**Directions:** Look through the entries below for the line with "Modern kitchen featuring" and the line with "living area featuring", then give again exactly those two lines and all lines between them, minus the pictures.

**Saved entries:**

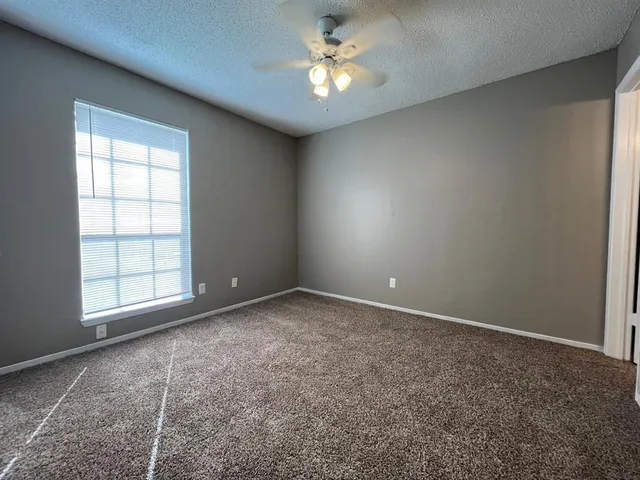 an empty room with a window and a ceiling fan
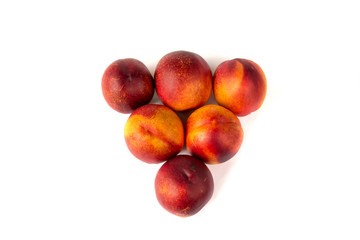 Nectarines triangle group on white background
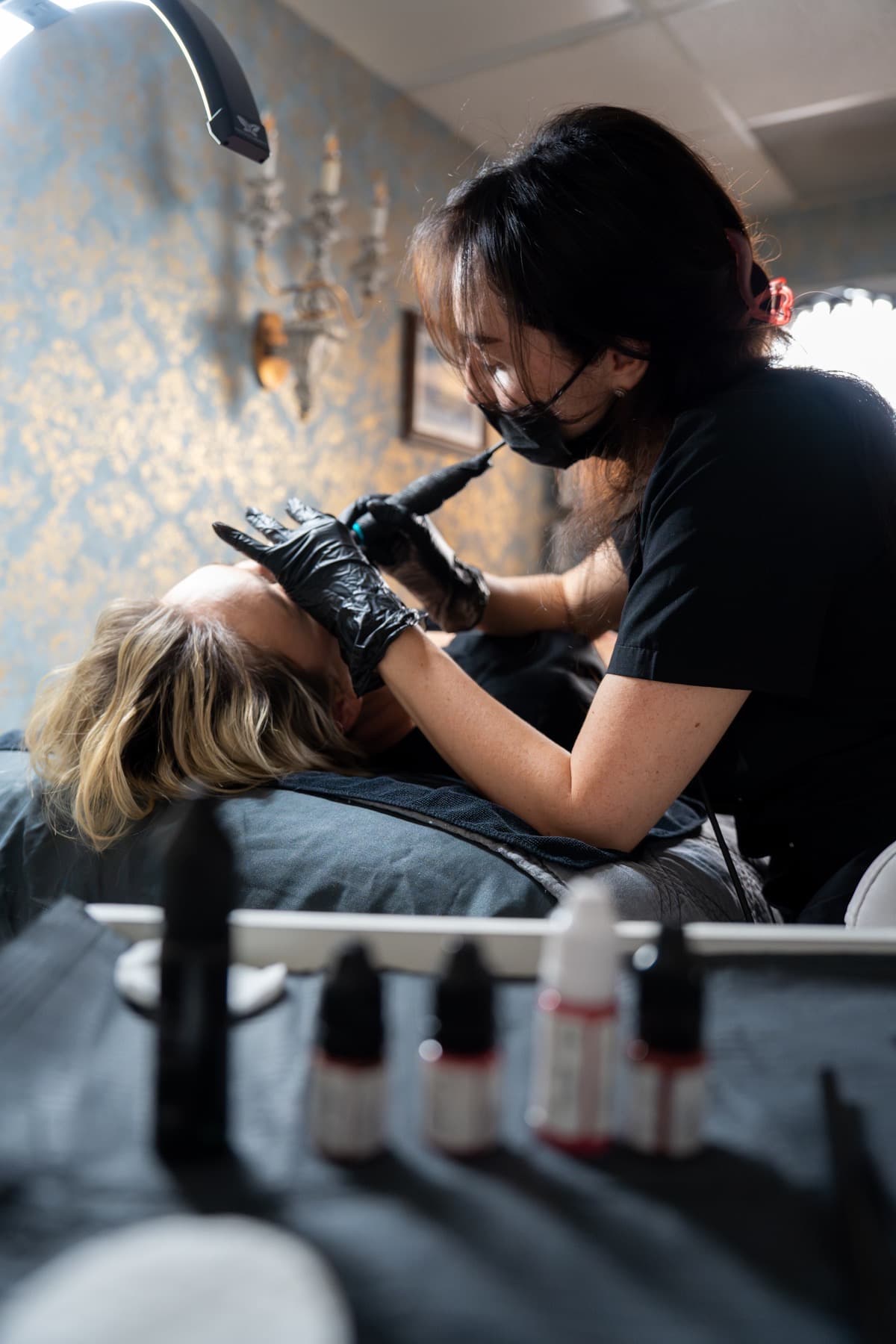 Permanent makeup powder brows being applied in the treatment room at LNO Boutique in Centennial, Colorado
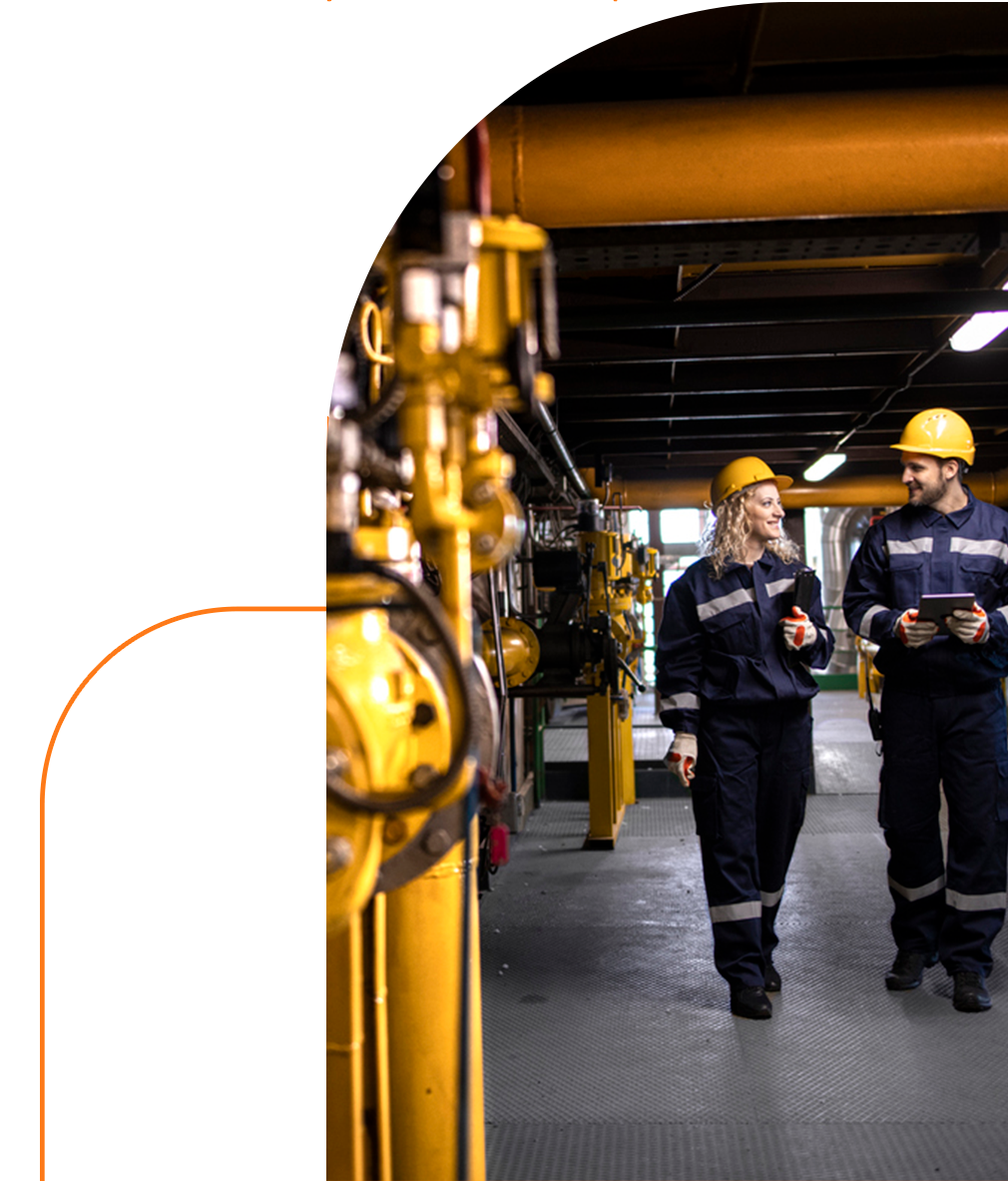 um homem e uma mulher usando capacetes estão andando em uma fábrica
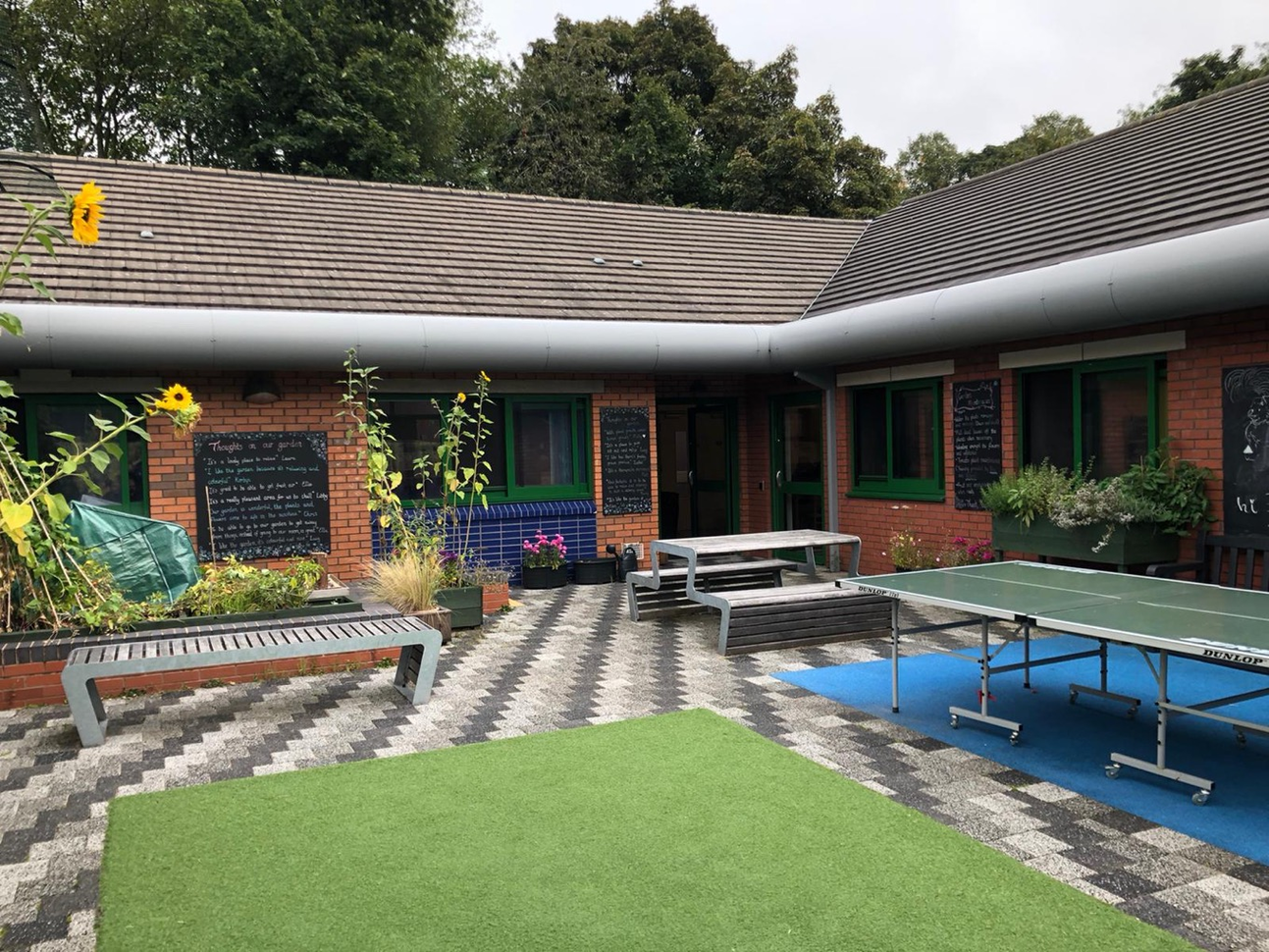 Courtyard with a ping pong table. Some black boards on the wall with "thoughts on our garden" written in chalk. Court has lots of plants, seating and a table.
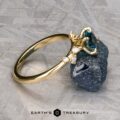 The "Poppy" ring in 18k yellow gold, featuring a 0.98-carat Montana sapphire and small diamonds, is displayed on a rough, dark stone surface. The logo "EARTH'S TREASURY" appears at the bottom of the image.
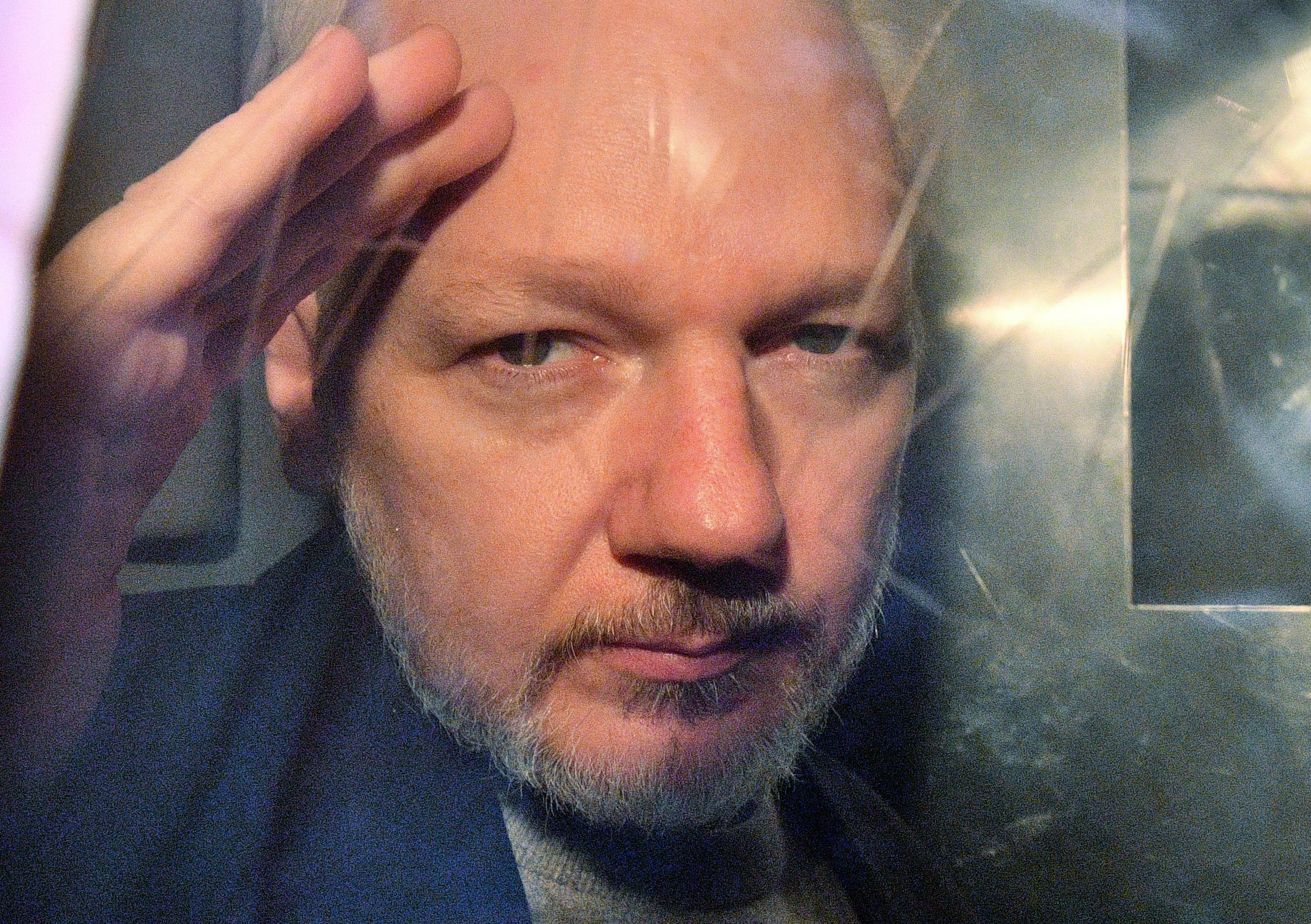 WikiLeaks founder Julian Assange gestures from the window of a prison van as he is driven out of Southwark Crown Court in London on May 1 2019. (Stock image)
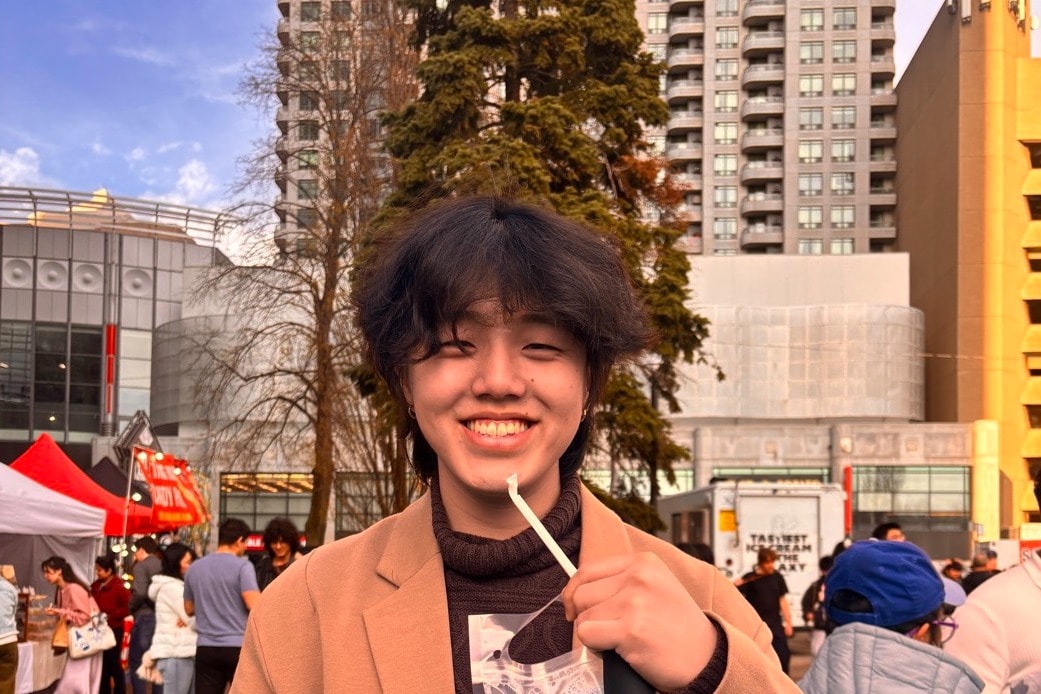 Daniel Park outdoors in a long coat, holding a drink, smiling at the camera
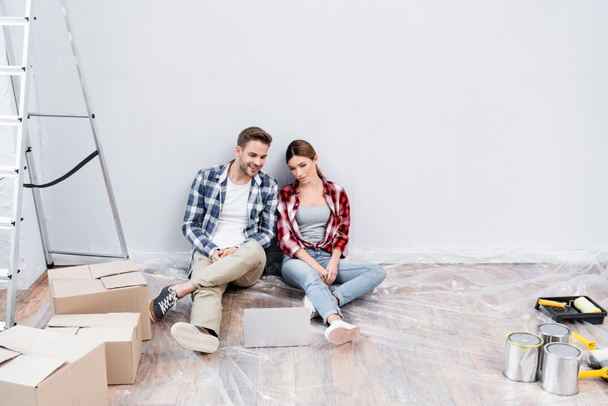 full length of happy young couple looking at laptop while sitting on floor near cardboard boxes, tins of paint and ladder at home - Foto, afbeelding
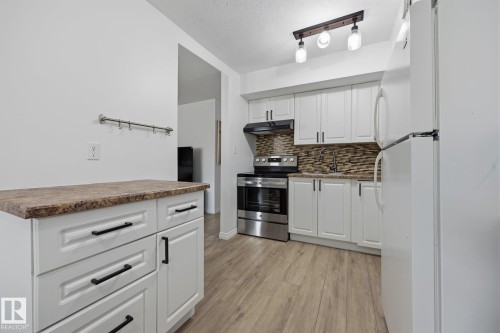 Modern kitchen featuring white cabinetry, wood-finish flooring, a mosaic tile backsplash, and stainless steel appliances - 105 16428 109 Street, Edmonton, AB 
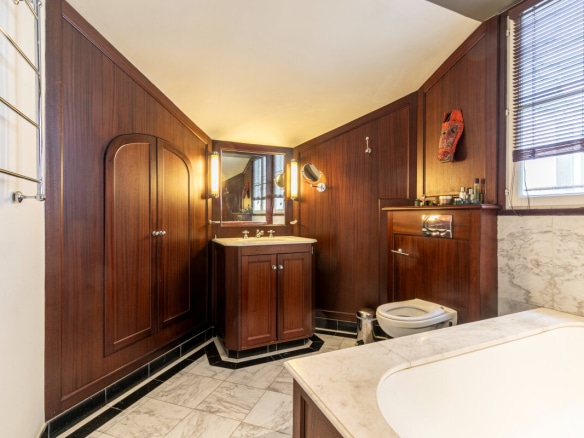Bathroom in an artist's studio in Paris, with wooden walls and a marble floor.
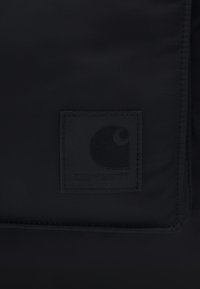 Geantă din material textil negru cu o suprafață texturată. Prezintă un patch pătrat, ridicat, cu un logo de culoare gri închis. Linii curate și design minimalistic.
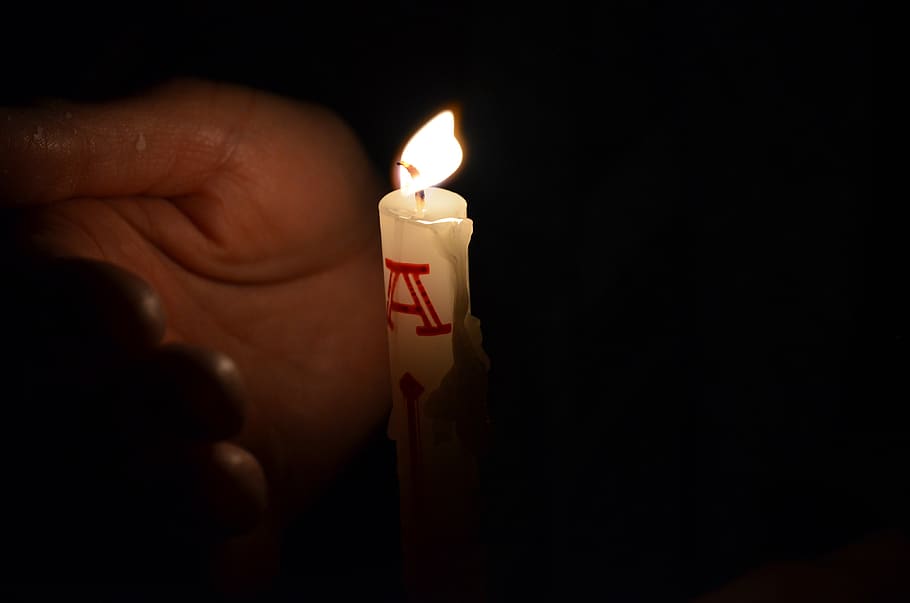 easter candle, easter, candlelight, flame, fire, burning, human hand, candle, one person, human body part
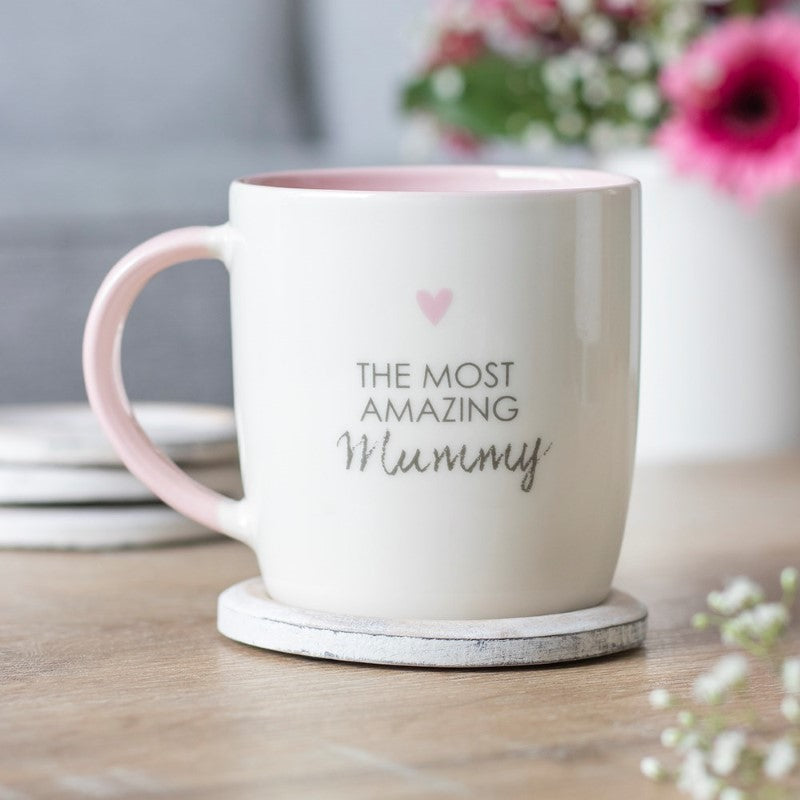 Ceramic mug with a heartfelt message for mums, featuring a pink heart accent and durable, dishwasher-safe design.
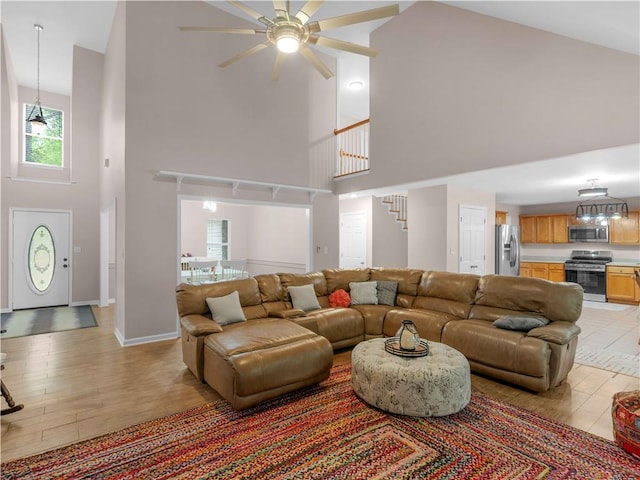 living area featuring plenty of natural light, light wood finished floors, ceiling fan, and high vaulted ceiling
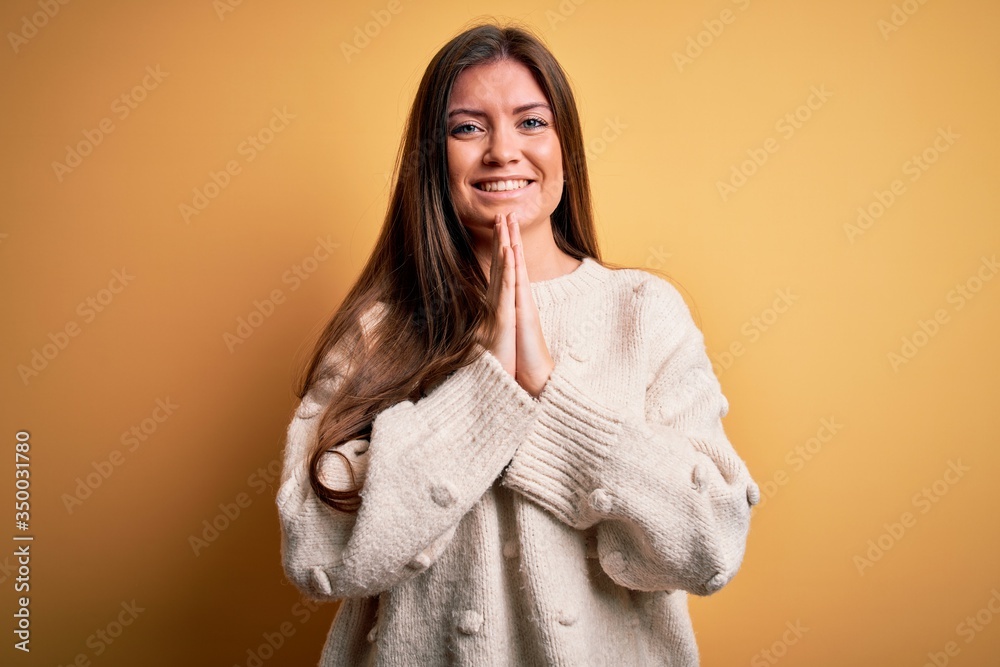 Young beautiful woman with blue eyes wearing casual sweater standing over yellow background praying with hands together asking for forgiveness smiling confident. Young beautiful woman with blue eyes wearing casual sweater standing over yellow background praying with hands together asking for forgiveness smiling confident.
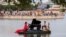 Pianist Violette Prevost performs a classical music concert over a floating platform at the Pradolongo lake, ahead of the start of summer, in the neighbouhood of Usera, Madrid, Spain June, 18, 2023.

**Response:**
 Modern kitchen featuring white cabinetry, wood-finish flooring, a mosaic tile backsplash, and stainless steel appliances - 105 16428 109 Street, Edmonton, AB 
Bathroom in an artist's studio in Paris, with wooden walls and a marble floor.
 Geantă din material textil negru cu o suprafață texturată. Prezintă un patch pătrat, ridicat, cu un logo de culoare gri închis. Linii curate și design minimalistic.
 easter candle, easter, candlelight, flame, fire, burning, human hand, candle, one person, human body part
 Ceramic mug with a heartfelt message for mums, featuring a pink heart accent and durable, dishwasher-safe design.
 living area featuring plenty of natural light, light wood finished floors, ceiling fan, and high vaulted ceiling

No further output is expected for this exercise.